I see Kashmir from New Delhi at midnight: ‘Salt of the Earth’ for Palestine





“The people who work at Ward live in little flat yellow houses on stilts that look like chicken-houses. They seem mean and flimsy on the sides of the hills and at the bottom of the hollow, in contrast to the magnificent mountains wooded now with the forests of mid-June. Between those round and rich-foliaged hills, through the middle of the mining settlement, runs a road with, on one side of it, a long row of some obsolete kind of coal-cars turned upside down and, on the other, a meagre trickle of a creek, with bare yellow banks, half-dry yellow stones, yellowing rusty tin cans and the rustling axles and wheels of old coal-cars. There are eight hundred or so families at Ward, two or three in most of the houses and eight or ten children in most families. And they are as much prisoners, as much at the mercy of the owners of their houses and land, as if they did actually live in a chicken-yard with a high chicken-wire fence around them."

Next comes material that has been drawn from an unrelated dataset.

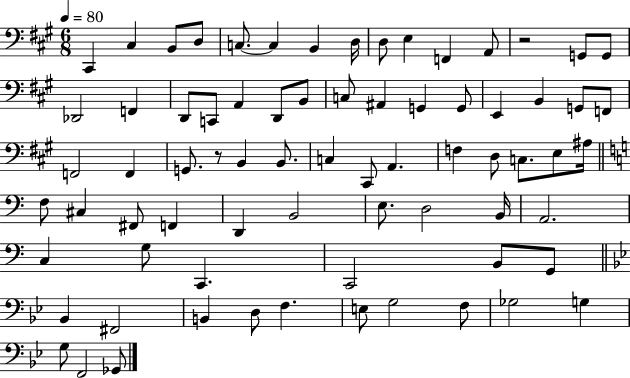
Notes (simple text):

Noted intellectual Edmund Wilson wrote these lines when covering the West Virginia Coal Wars of the 1920s, a Dickensian tale of countless miners and families protesting for decent pay with real money instead of scrips, better working and living conditions, fighting for their rights and their lives against powerful owner barons, country sheriffs, even federal troops, even bomber biplanes. It’s such a long time ago, over a century ago now, and it’s not much discussed today (I myself came across the history by chance in Wilson's 'American Jitters' book, published in 1932, no idea why I picked it up as often happens hehe). But culture has a way of so vividly resurrecting the lifeline of human history to the present, and the lines immediately reminded me of – among other things – 'Salt of the Earth' (USA, 1954), the movie I'd like to share with you, telling the story of New Mexico zinc miners.

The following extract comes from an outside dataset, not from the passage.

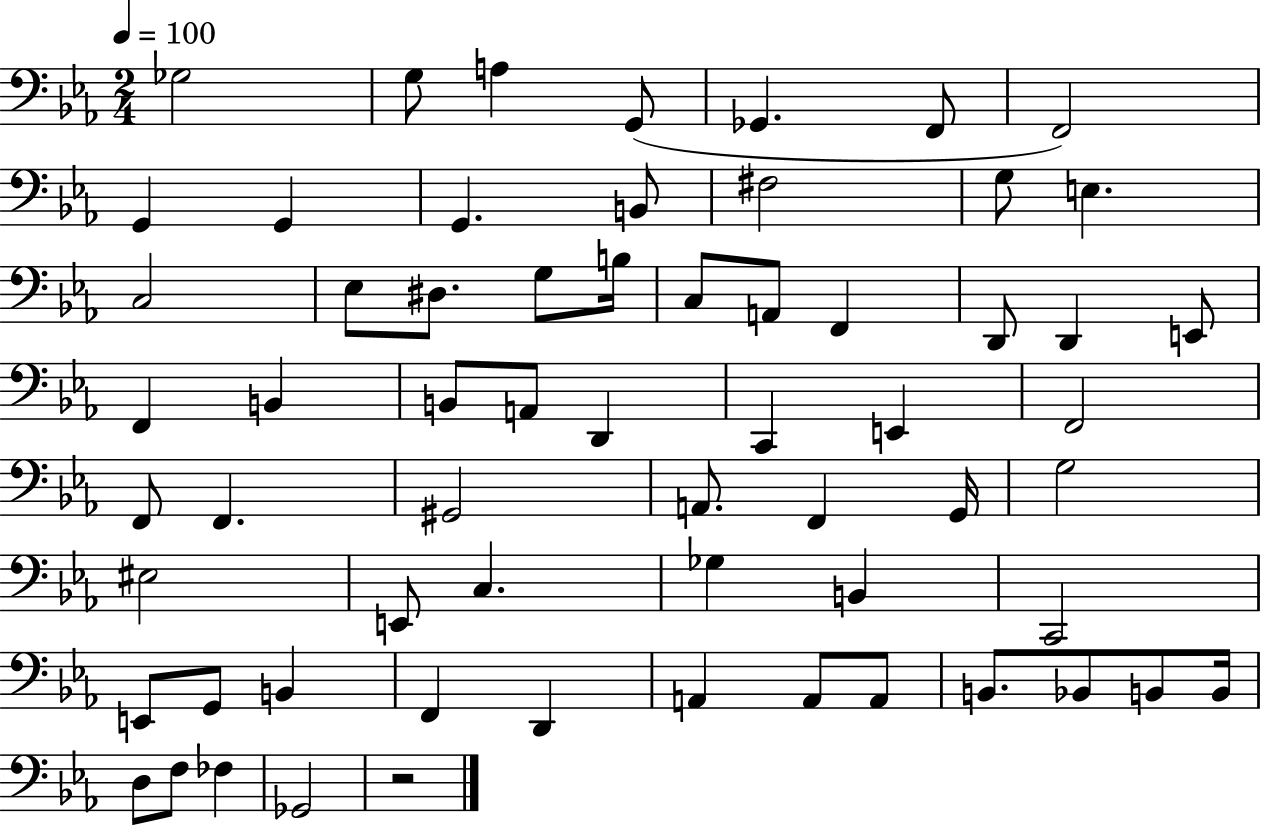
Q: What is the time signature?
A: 2/4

When you see the film, or if you recall the film, it feels so uncanny to see the depicted homes of the miners resemble these houses so intensely, down to the shrubby outcrops in the lands that surround them, the riches of the cavernous earth beneath them, and the invisible, man-made prison that sought to confine them. And of course, there's the same bruised, resolute spark burning on the inside, daring to alight. It's a story just dying to be made into a movie, but in fact it was a miracle 'Salt of the Earth' was made and preserved at all. Created by a team of blacklisted artists, and starring untrained locals and Local 890 union members, the film fought covert surveillance and sabotage, interference and suppression, threats and deportation, and most ironic of all, myopic resistance from unions including the Congress of Industrial Organizations, film-processing lab workers, and projectionists. The film footage had to be developed in secret at night, and even after many scenes were excised and dialogue diluted, there were still vengeful acts against this contentious project. After the crew (who at one point were told to 'get out of town [or] go out in black boxes) wrapped and left location, unknown attackers setting the town's real-life union hall on fire.

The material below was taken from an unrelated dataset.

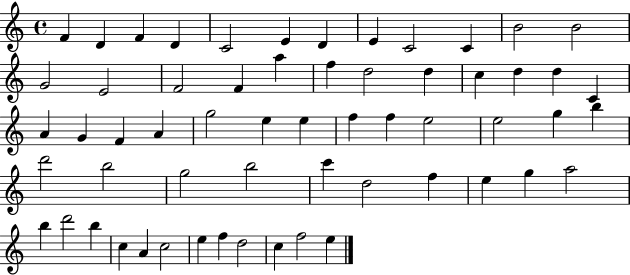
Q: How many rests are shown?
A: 0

Some watching it today might find it a little tame, not-so-incendiary, though this story about the power of people united before people in power was so controversial that for many years it was never really shown publicly except in China, Mexico, and parts of Europe. It's earned plenty of recognition and love over the decades, however, and I find myself thinking back to it quite often, especially now as the title is turning 70 years old and like all great works, feels ever more fresh, ever more relevant. In case you haven't seen it yet, the film is based on the story of another popular action, the 1951 Empire Zinc Strike in Hanover, New Mexico, where the men of the Empire mining company fought for a bitter 15 months against discriminatory work conditions and unequal pay for the Mexican-American miners.

After months of unsuccessful bargaining with uncooperative management, the local chapter of the International Union of Mine, Mill, and Smelter Workers (IUMMSW) decide it is time to strike. Much like Frank Keeney's men in Blair Mountain all those decades before them, those fighting for their rights faced violent opposition: having to deal with the county sheriff's department, strike-breakers and vigilante groups, hostile indifference from district judges and attorneys, not to mention bigoted local newspaper columnists who unabashedly blamed the group's suffering not on the unjust in power, but on the strikers themselves and their like, the 'swarming aborigines' who spoke. When an injunction put pressure on the union men, their wives and children opted to join the strike alongside them, and in their place, as unofficial members of the 'Ladies' Auxiliary.' This uniquely feminine, family-centred dimension harnessed unusual weight to their case, and the ongoing struggle finally drew wider media attention. Thanks to this community struggle, with activists from out of town joining in to bolster their efforts and take the place of those arrested, the Company were eventually forced to begrudgingly make some concessions to their demands. You can see how all this fascinated ‘Hollywood Ten' director Herbert Biberman (fresh from serving time for 'contempt of Congress' and recovering together with a secret colony of fellow artists) and together with blacklistees writer Michael Wilson and producer Paul Jarrico, he decided to portray this remarkable event for posterity.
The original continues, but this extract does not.